On the Inter City trains (the newer, high speed trains with restaurants), there are always at least 2 inspectors, usually 4 during peak times and on the last train. If only two are present, they start at the end of the train each time, and work up all the way to the front. It is often possible to avoid the inspectors on short trips during the day if you sit right up against the front. At each station, they usually just go back to the back again, so you may never even be controlled. It is best not to run or act suspiciously when in front of the inspectors, as they can add a penalty of up to 200 CHF for disrespecting the conductor. Contrary to popular belief, there are railway police agents, and the come to the train station in extreme situations. It is very hard to avoid these fines, however there is one loophole in the system: whenever you see a controller, go to the front of the train, and there should be a kids compartment. In that kids compartment, there is a slide, and under the slide, there is a fairly large area which is big enough to hide a person, yet very hard to spot when walking past. Nevertheless, if you do get caught in this space, the penalties can be quite severe. Seeing as most trains have 2 floors, you could just walk down the stairs (calmly), however, this can arouse suspicion, and the inspector can decide to cut you off on the other side of the wagon.

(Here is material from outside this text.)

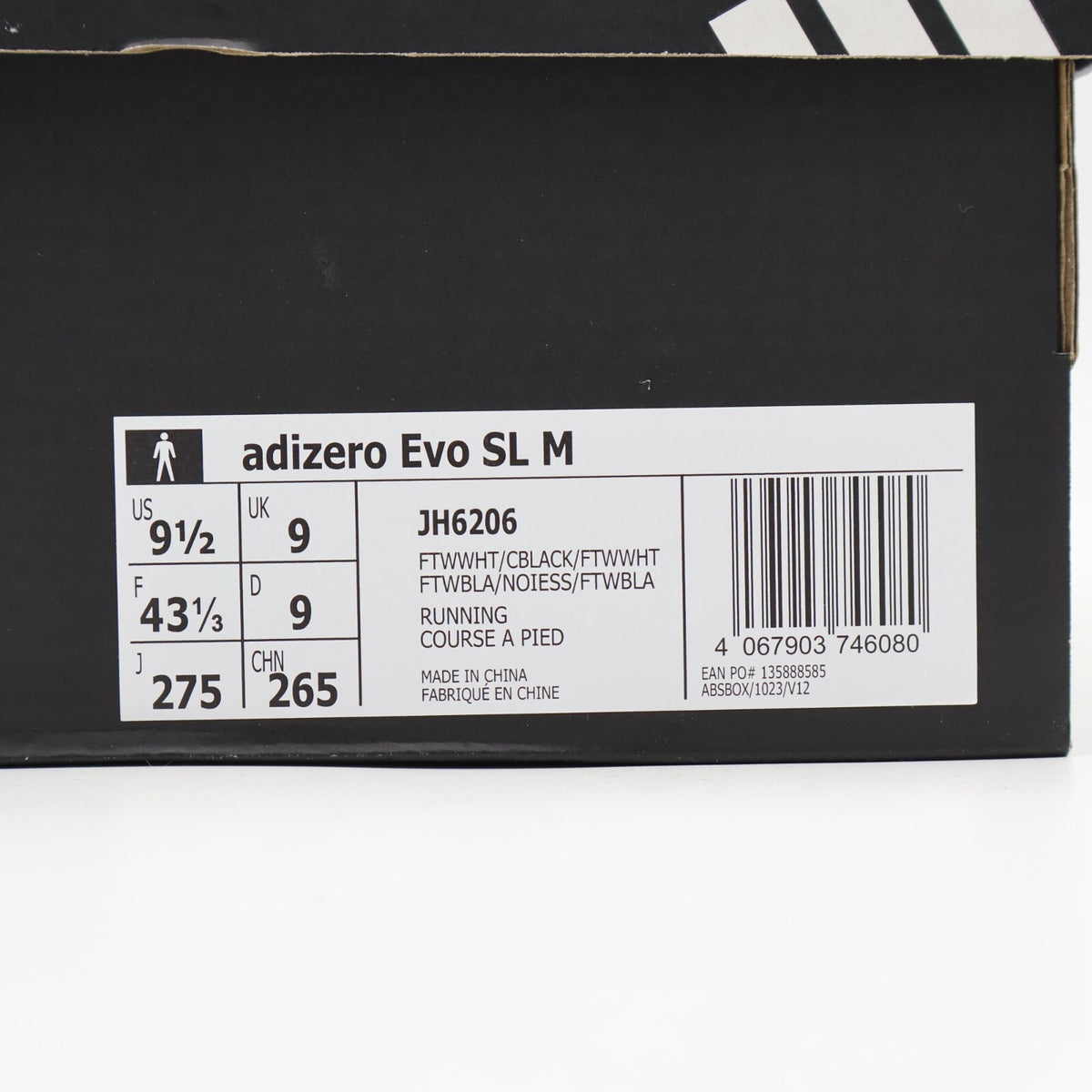JH6206 adidas Adizero Evo SL Footwear White Core Black (Men's)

For short journeys, the UK is fairly good for fare-dodging. Quite a few young people get away with not paying fares, particularly when the trains are busy (e.g. at rush hour). Many trains have no inspectors, and rely on entry/exit barriers to validate tickets. Often these are unmonitored, so a quick hop can get you in. They are often open after 9pm (ish). It is increasingly popular for train operators to have standard fines for people caught sans-ticket. These vary from £10 to double the full adult fare (which is a lot!).
A good tip is to look out for 'Permit to Travel' machines. These are designed for people who for whatever reason can't but a normal ticket - the idea is that you buy a Permit to Travel with whatever money you have, then pay the difference later. It shows a general willingness to pay for a ticket - this means that you can escape any fine, so long as you have ample money to pay for a full ticket if caught. The minimum you can put into a machine and get a Permit to Travel is 5p, which is a pretty cheap price to avoid a fine. Also, if you board a train without a ticket and show willingness to pay but just by far not enough money when caught, some inspectors will let you ride for free or be satisfied with your pennies.
Permit to travel machines are largely being phased out by train operators. Those remaining are centred around London and the South East. Locations where some machines are still known to be operating are: London, Thameslink, Kent Coast, Great Northern, Great Eastern, South Western, West Anglia, West Yorkshire, Certain routes around Birmingham.
Ticket inspectors are not allowed, legally, to touch you to wake you up. So put your headphones on and fall asleep. They'll loose interest fast. Be aware some inspectors will try to bump you awake with their ticket machines, or ask the passenger next to you if they could wake you. For destinations with barriers get off at stop before and buy a low cost ticket to the next stop.